### Task data
--------------------------------
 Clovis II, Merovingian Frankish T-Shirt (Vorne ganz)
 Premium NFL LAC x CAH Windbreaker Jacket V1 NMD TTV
--------------------------------
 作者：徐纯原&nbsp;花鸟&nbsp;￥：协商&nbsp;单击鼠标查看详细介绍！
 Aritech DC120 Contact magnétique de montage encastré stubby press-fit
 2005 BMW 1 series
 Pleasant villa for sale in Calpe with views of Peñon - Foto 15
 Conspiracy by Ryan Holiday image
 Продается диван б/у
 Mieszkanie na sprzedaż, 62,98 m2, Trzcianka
--------------------------------
### The task
All that belongs in your answer is the stretch of entries above from the line with "Clovis II, Merovingian" through the line with "Premium NFL LAC", printed exactly.

### Final answer
 Clovis II, Merovingian Frankish T-Shirt (Vorne ganz)
 Premium NFL LAC x CAH Windbreaker Jacket V1 NMD TTV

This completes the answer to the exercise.